Noakes was an independent town councillor for Penwerris ward on Falmouth Town Council and a member of the planning committee from May 2007 until January 2010, when he resigned due to "work commitments". He was fourth on the list for the United Kingdom First Party in the East Midlands region for the 2009 European Parliament elections; UK First received 1.7% of the vote. He stood in the December 2015 Guernsey by-election in Saint Peter Port North on a platform of increased democracy in Guernsey and introducing a constitution, gaining 109 votes (12.3%).

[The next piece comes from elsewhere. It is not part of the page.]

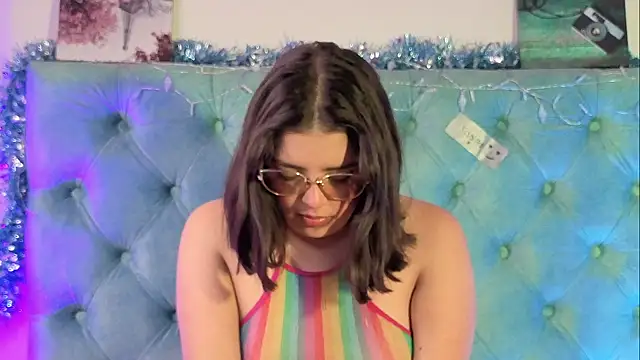 Paola Lyon  online show from December 22, 12:35 pm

Noakes runs the website EUTruth.org, and since 2007 has published the free monthly newspaper Westminster News.

==Personal life==
Noakes was born in London, went to Truro School and has lived in Port Pendennis, Falmouth, Cornwall, Guernsey, and Waldershare in Kent, where he was living before being jailed in 2018.

He was married in 1989 to Loraine, with whom he has a son and a daughter. The two separated in 2007, but did not divorce until 2018. Noakes sailed a yacht called Moonlight out of Falmouth between 2005 and 2010, and holds a pilot's licence.